Cap. 1 Lo spazio neutro 


La verità è che non ridiamo mai abbastanza.

Perché? Semplice: il più delle volte non abbiamo un motivo per farlo.

E allora dobbiamo crearlo, quel motivo.

Possiamo iniziare da un gesto minimo: smettere di essere arrabbiati per ogni cosa.

La quotidianità, spesso senza che ce ne accorgiamo, ci trascina in piccoli scontri continui.

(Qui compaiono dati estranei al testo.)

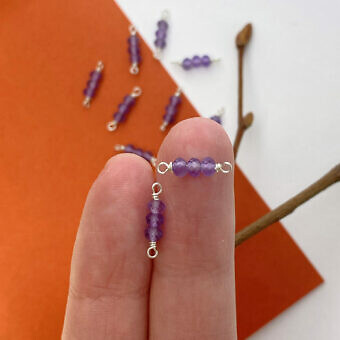 md43s-3mm-triple-amethyst-birthstone-sterling-silver-connectors-pendants-charms-february-hand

Non sempre fisici, certo — a volte solo verbali, ironici, ma pur sempre urti.

Perché la vita è frenetica, e noi abbiamo perso il controllo da un pezzo.

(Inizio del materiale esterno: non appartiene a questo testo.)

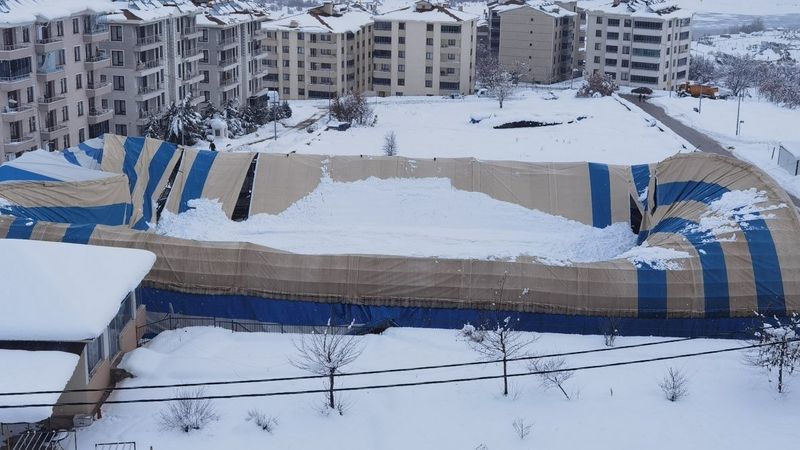 Tunceli'de biriken kar, halı sahanın çatısını çökertti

Il guaio è che ancora non lo sappiamo.

E allora che fare?

Rallentare.

Lasciare andare la tensione del viso, rilassare i muscoli.

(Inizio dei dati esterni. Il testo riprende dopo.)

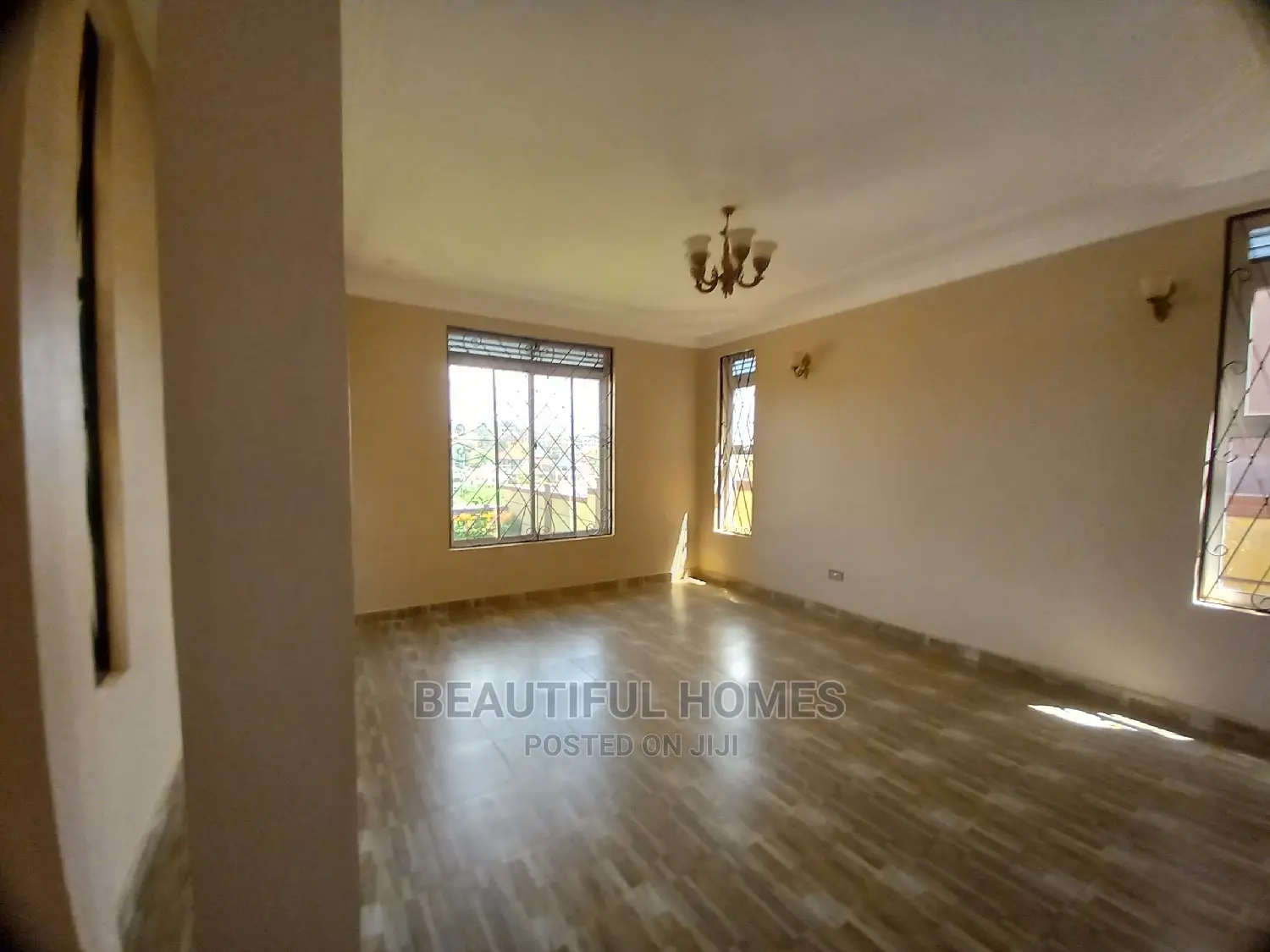 Furnished 4bdrm Duplex in Kira Corporate for Sale in Kira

Sollevare piano gli zigomi e — come per magia — eccolo lì, un sorriso.

Forse piccolo, forse incerto, ma vero.

E da lì si può ricominciare.

La parte più difficile, però, deve ancora arrivare: custodire quel sorriso anche quando il mondo prova a spegnerlo.

Già, perché il mondo è fatto così: quando trovi la tua serenità, qualcuno — forse per invidia — proverà a portartela via.

Ma cos’è, davvero, l’invidia?

Un veleno lento che corrode lo spirito di chi la nutre, non di chi la subisce.

E allora perché voler essere qualcun altro, se puoi diventare la versione più vera di te stesso?

Non serve rubare i sogni altrui: ognuno può crearne uno proprio, su misura, cucito addosso alla propria anima.

Un sogno che non ha bisogno di confronto per essere reale.

Tentare di realizzare i propri sogni non è semplice, lo ammetto.

A volte fa paura lanciarsi nel nuovo.

È più facile restare al sicuro, dentro ciò che conosciamo, anche se ci stringe un po’.

Uno spazio che chiamiamo “casa”, ma che spesso è soltanto uno spazio neutro: familiare, prevedibile, eppure incapace di farci crescere.

Immagino lo spazio neutro come una scatola vuota.

Le pareti, bianche e silenziose, si assottigliano man mano che si alzano, finché non si perdono in un soffitto che non esiste.

C’è un fondo — saldo, concreto — ma nessuna via d’uscita ai lati. Solo in alto, una possibilità.

E lì, sul bordo, un bambino.

Il mio io interiore.

Guarda dentro quel bianco con la meraviglia e il timore di chi non sa se il vuoto che osserva lo inghiottirà… o lo farà diventare l'uomo o la donna che intende essere.

Già. Guardiamo sempre al futuro.

Ci affanniamo per ciò che potrà essere, dimenticando la cosa più preziosa: ciò che è adesso.

Il presente.

Quello spazio neutro che possiamo riempire con ciò che amiamo, con ciò che ci fa stare bene ora.

Perché, in fondo, cos’è il futuro se non il prolungamento silenzioso del presente?


E se il presente è d’oro, il futuro non potrà che brillare della sua stessa luce.